Homework Help: Need help with a couple of BVP's.

  1. Oct 24, 2006 #1
    I've got a couple of BVP's I'm working on that are giving me some problems. First, I'm asked to solve the 1-D Heat Equation:

    [tex]k \frac{\partial^2 u}{\partial x^2} = \frac{\partial u}{\partial t}[/tex]

    in a thin rod of length L subject to the following:

    BC1) u(0, t) = 0
    BC2) u(L, t) = 0
    IC) 2 different problems. For the first, [itex]u(x,0) = 1 - 2 cos(\frac{9 \pi x}{L})[/itex]. For the second, [itex]u(x,0) = 3 cos(\frac{9 \pi x}{2 L})[/itex].

    I can separate this problem into:

    [tex]\frac{X''}{X} = \frac{T'}{k T} = - \lambda[/tex]

    easily enough and apply the 2 BC's to get:

    [tex]u_{n} (x,t) = A_{n} \sin(\frac{n \pi x}{L}) \exp(\frac{-k n^2 \pi^2 t}{L}) , n=1,2,3,...[/tex]

    My problem is with applying the Initial condition and solving for u(x,t):

    [tex]u(x,t) = \sum \limits_{n=1} ^ {\infty} A_{n} \sin(\frac{n \pi x}{L}) = IC[/tex]

    My book shows me how to do a half-range expansion here, but according to my professor, I shouldn't need to.
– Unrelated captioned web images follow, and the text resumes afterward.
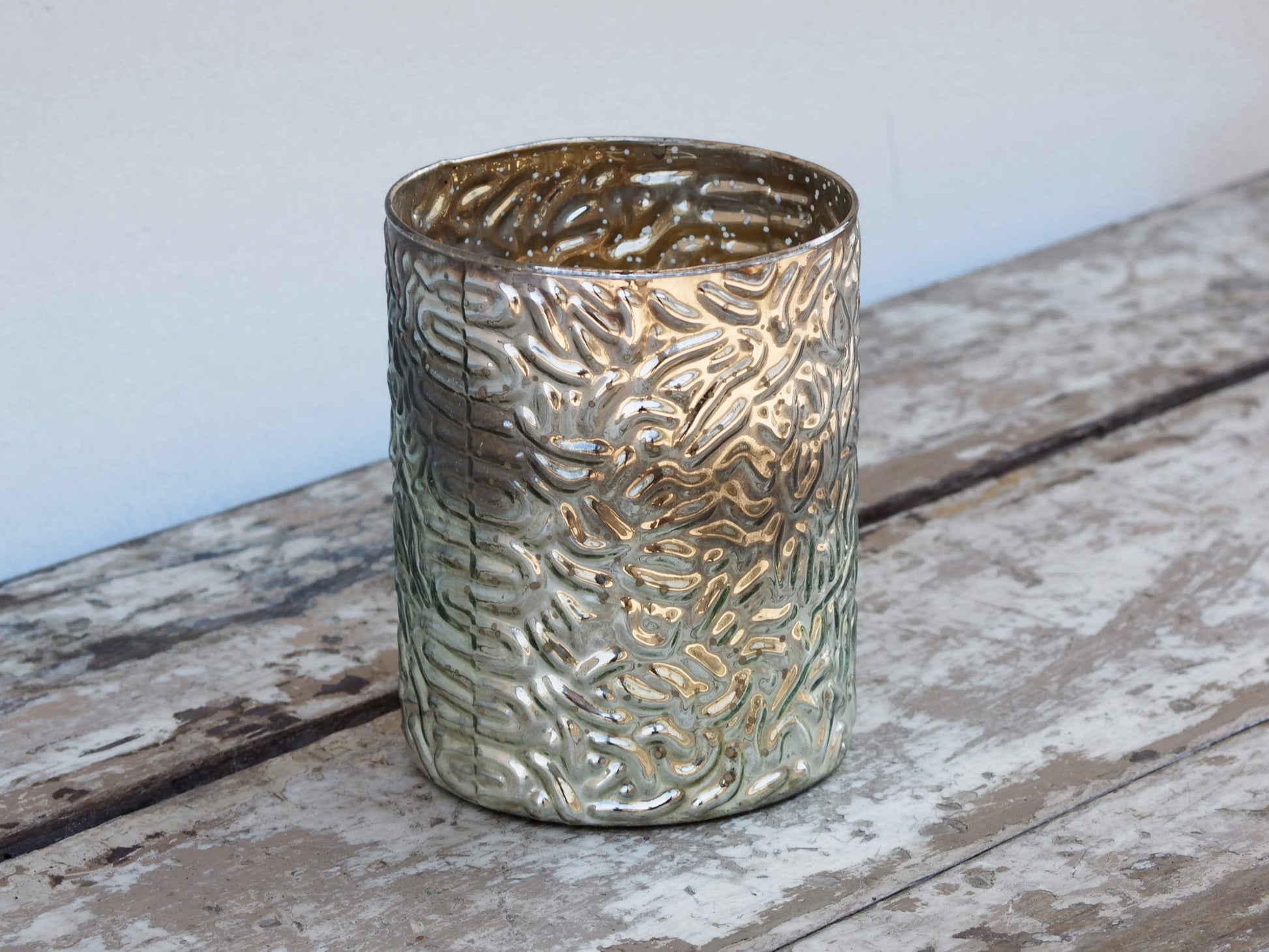 Vaso in vetro decorato, lavorato artigialmente.  Dimensioni diametro 12 h15cm.
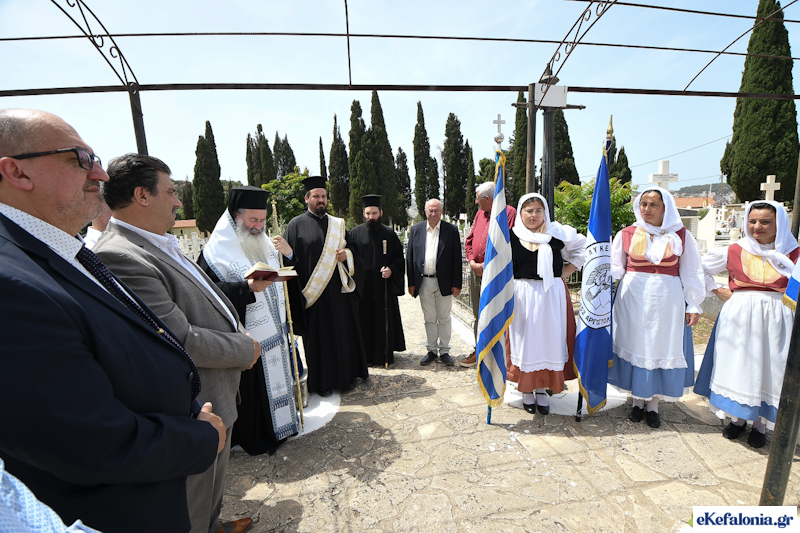 Ξεκίνησαν οι εορταστικές εκδηλώσεις για την επέτειο της 21ης Μαΐου με κατάθεση στεφάνων στο Κοιμητήριο του Δραπάνου [εικόνες]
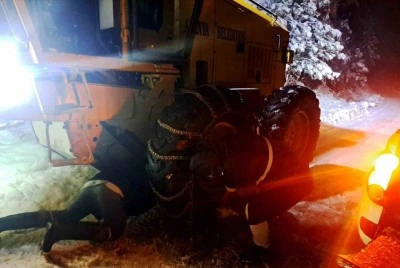 Alanya’da yaylada araçlarında mahsur kalan vatandaşlar ekiplerce kurtarıldı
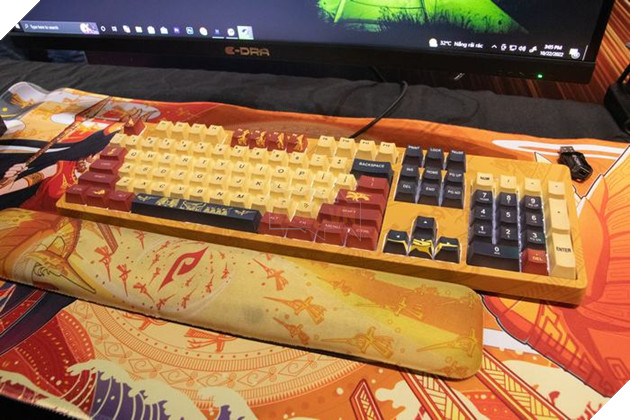 Ngập tràn quà tặng tại sự kiện Chung kết tổng Đấu trường Máy tính 2022 5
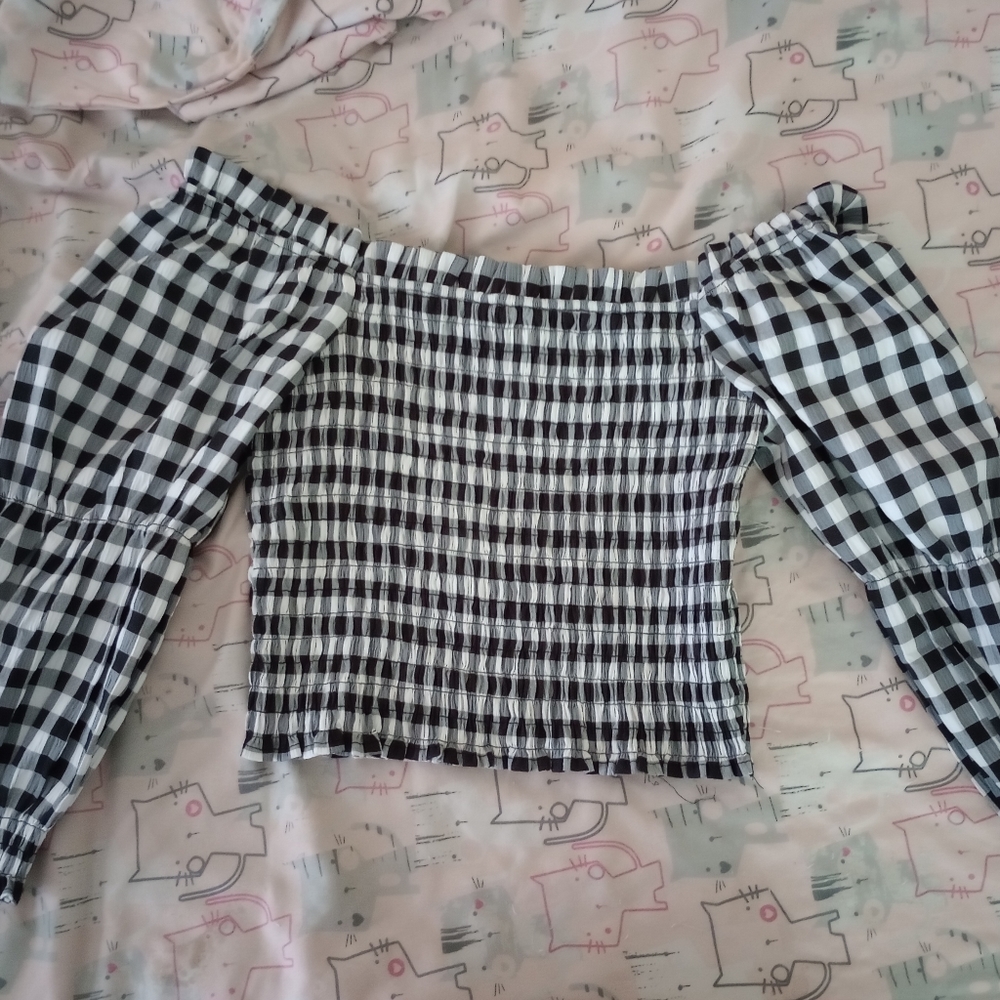 Gingham off shoulder long sleeve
He even sent us an e-mail changing one of the IC's "so it would be an eigenfunction." How do I get there from here? Is there some easy trig identity to convert those IC's to a sin function I'm just missing?


    My 2nd question involves steady state heat conduction in a 2-D square plate of side L:

    [tex]\frac{\partial^2 u}{\partial x^2} + \frac{\partial^2 u}{\partial y^2} = 0[/tex]

    Subject To:

    BC1) [itex]\frac{\partial u}{\partial x} = 0[/itex] at x = 0
    BC2) [itex]\frac{\partial u}{\partial x} = 0[/itex] at x = L
    BC3) [itex]\frac{\partial u}{\partial y} = 0[/itex] at y = 0
    BC4) u(x,L) = 5

    I separate the Laplacian into:

    [tex]\frac{X''}{X} = \frac{-Y'}{Y} = - \lambda[/tex]

    and solve using the first 3 BC's, I get [itex]X = c_{1}[/itex] and [itex]Y = c_{4}[/itex] for [itex]\lambda = 0[/itex] and

    [tex]
    X(x) = c_{2} \sin(\frac{n \pi x}{L}) [/tex]

    [tex]Y(y) = c_{4} \cosh(\frac{n \pi y}{L})[/tex]

    for [itex]\lambda > 0[/itex].

    Using superposition, I end up with:

    [tex]u(x,y) = A_{0} + \sum \limits_{n=1} ^ {\infty} A_{n} \sin(\frac{n \pi x}{L}) \cosh(\frac{n \pi y}{L})[/tex]

    When I apply the final BC, u(x,L) = 5, I end up with a solution of u(x,y) = 5. I guess I'm just looking for some sanity checking here. I can certainly see how u = 5 works here, but is it the only solution?

    Thanks in advance,

    Grogs
     
    Last edited: Oct 24, 2006
  2. jcsd
  3. Oct 24, 2006 #2

    HallsofIvy

    User Avatar
    Science Advisor

    (To get the sigma to show use \sum with a small "s".)
    For your first problem, there is a difficulty with your initial conditions: you don't have enough! Since the equation is second order in t, you need two initial conditions. Perhaps you were also told that [itex]u_t(x,0)= 0[/itex]? That is, that the thin rod was deformed to the given initial position and then released "from rest".
    The "complication" is that, since u= 0 at both endpoints, you have written u(x,t) as a sine series in x which is always an odd function by your initial conditions are even functions. That isn't really a problem since your interval is from 0 to L but notice that, according to the first initial condition, u(0, 0)= 1- 2cos(0)= -1 and for the second initial condition, u(0,0)= 3cos(0)= 3, while, according to the boundary conditions, u(0,0)= u(0,t)= 0! You necessarily have a discontinuity at the boundary points.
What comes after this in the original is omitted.